With all the dog movies out there like Lassie, Haticho, Arthur, Betowen, Red, Ruby, Bella, Rex, Max and many many more... "Finley, the greatest dog to ever live" will be up there with them one day. 
Enough said. 
- I'll talk to you soon.
-K.

Saturday, 19 July 2025

July 19th, 2025

When someone can give you a really tight hug or stand there breathing with you for few seconds can ground you back into reality so quickly. How are you expected to do that when you're completly on your own. Bring yourself back when you're already as deep as the hold can get. You want to be productive but paralised by anxiety, you know you're wasting time resting to make yourself feel better but riddled with guilt because your wasting time and not doing all the things you need to get done.
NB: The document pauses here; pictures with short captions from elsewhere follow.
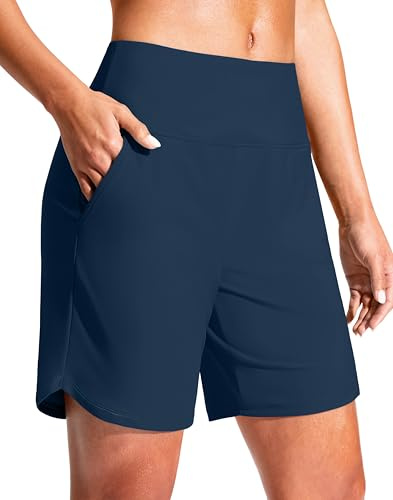 G Gradual Women's 7 Quick Dry Swim Board Shorts Swimming Bottoms High Waisted Beach Shorts for Women with Liner Pockets(Dark Blue,XXL)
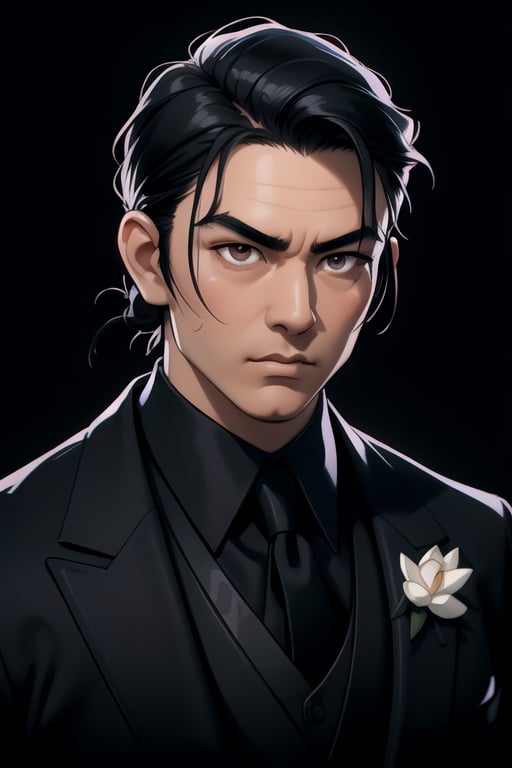 centered, digital art, face portrait, focused face, | black hair, male, man, tuxedo suit, yakuza, | black background, simple background, | depth of field, bokeh, | smooth detailed shadows, hyperealistic shadows, (saturated colors:1.2) |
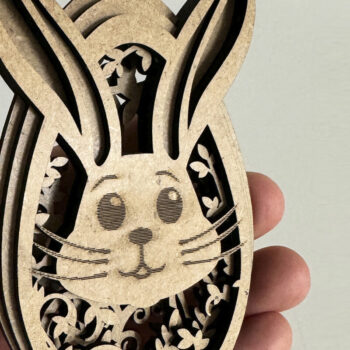 Intra απο ξύλο plywood 3mm-4mm πάχος - Χαριτωμένο πρότυπο αυγών Πάσχας λαγουδάκι Δίασταση 3x4 cm INTRAFABR-115598441 - Image 2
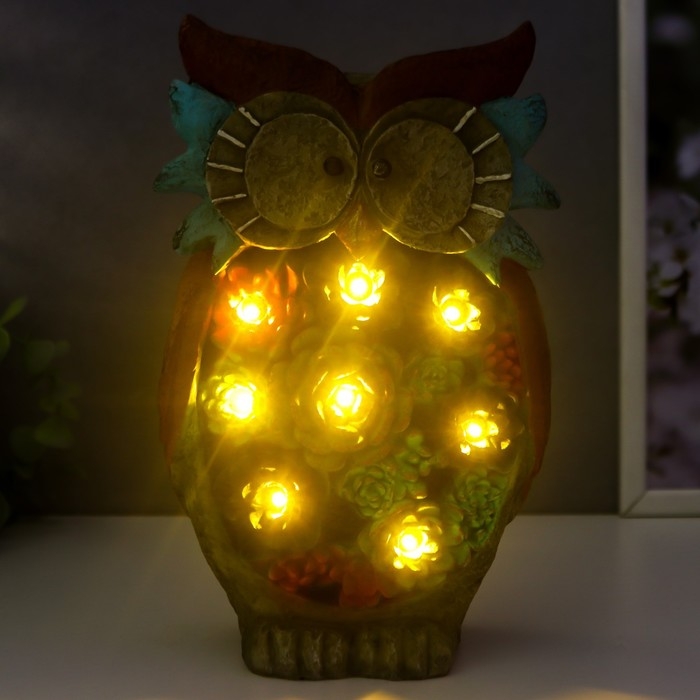 Сувенир полистоун свет "Филин с суккулентами" от солнечной батареи 26,5х15,5 см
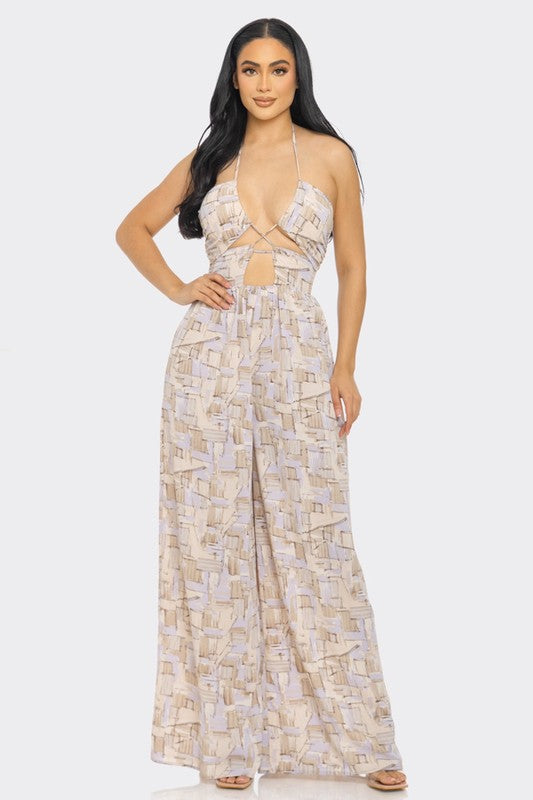 Tie Front Wide Leg Jumpsuit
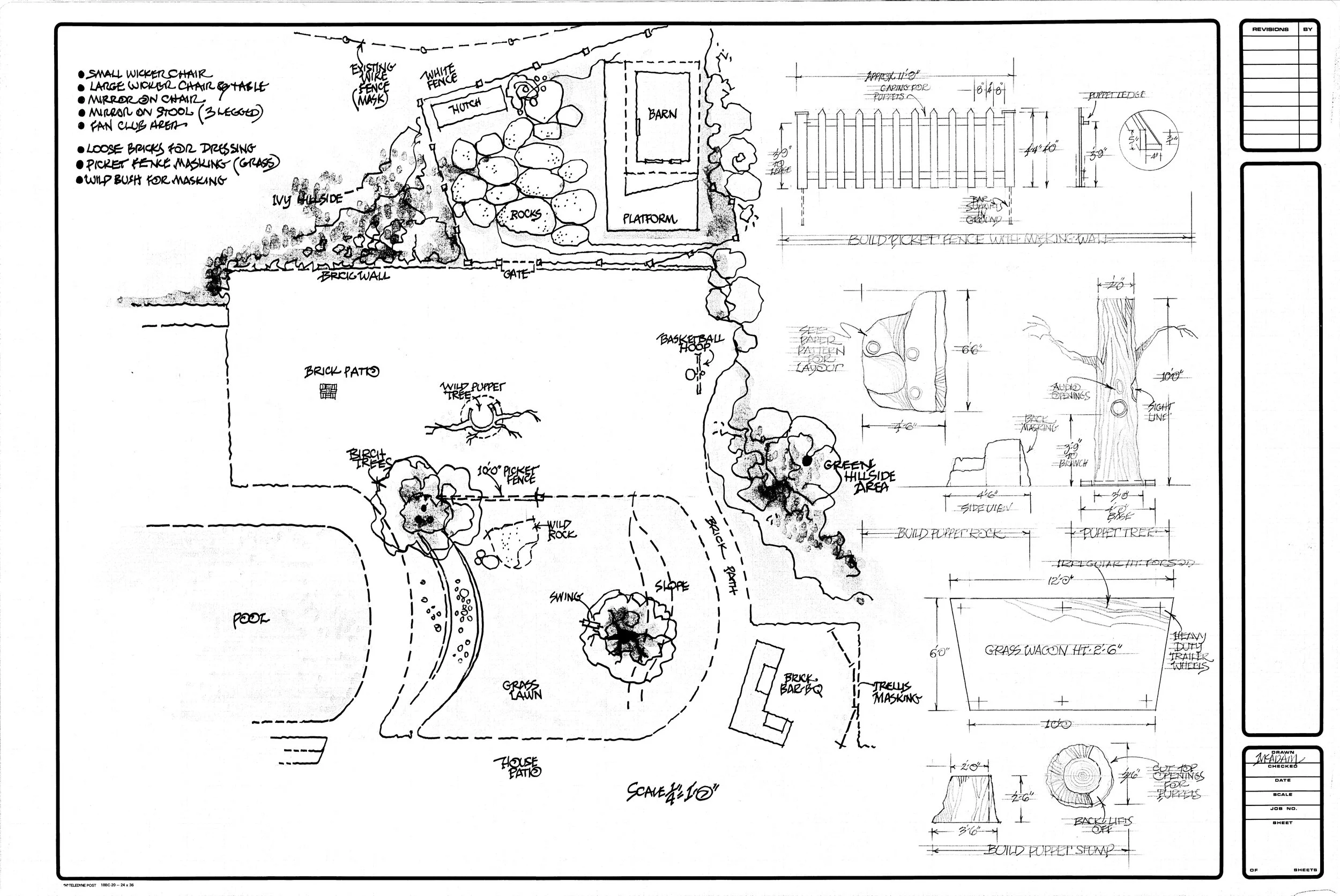 A detailed landscape architecture plan with various features including a pool, brick patio, gazebo, plants, rocks, a barn, and fencing, with measurements and annotations.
It's such a vicious circle you can't stop from spinning. 
I'll talk to you soon.
-K

Tuesday, 15 July 2025

July 15th, 2025

Life went from being so happy and exciting, so fast paced, to minutes dragging and days feeling like weeks. In a space of an hour I can go through all 22 emotions on the emotional scale and minute to minute not know what I'm doing next or even better forget what I was doing 5 seconds ago. I do accept that this is my life and this is just a part of my every day but damn is it annoying. Sat here feeling good as I managed to get out of bed before 12pm and actually done something productive with my day, not wanting to eat after cooking for over an hour because now I don't feel like it but still being absolutely starving as I forgot to eat all day. I'd really like to get off this rollercoaster now please. 
I'll talk to you later. 
-K

Monday, 7 July 2025

July 7th, 2025

It's been a while... again...
The longest year of my life and may be the hardest one yet, but I think I have been the most equipped to deal with it comparing to all of the others. 
I'm finally coming out the other side of a long depressive few weeks but still yet to find the strength to shower and wash off all this rage. It has felt like I well into a black hole with no end in sight. Thankfully after years of trauma I know there is a light at the end of the tunnel and all you need to do is to push through and you'll get there. 
Minutes feel like hours, hours feel like days, days feel like weeks and weeks feel like months. 
I don't know if this will ever get easier to handle but at least I know I eventually can get through it. Might not be as fast as I want it to be but progress takes time and time requires patience. 
I'll talk to you soon.
-K

Wednesday, 2 October 2024

October 2nd, 2024

I release all control and accept what the universe has to offer. It has been a very long road getting here but I can truly say I'm at peace. 
I am sorry for all the mistakes I have made over the years but it has all been a lesson learnt. It's been hard and at time incredibly difficult to carry on but I'm still here breathing, like my tattoo says. Any attempts I have made to shorten my life have not been successful and clearly for a good reason and now I understand why. 
There is a purpose to everything, whether we know it or not. 
All my numerous blogs are public with the hope of helping even just one person not to feel alone as I have when going through the hard times. And hopefully by reading someone can see that eventually it does get better. This doesn't mean it's easy, because even on a good day I do get my moments of doubt and self shame but as long as you push through and carry on for just one more day that is all that matters. 
You matter! Just remember that!
I'll talk to you soon.
-K
Xox

Monday, 10 June 2024

June 10th 2024 - Monday 22:41.

Before I let go

I want you to know that every moment spent with you was a treasure that I held close to my heart. 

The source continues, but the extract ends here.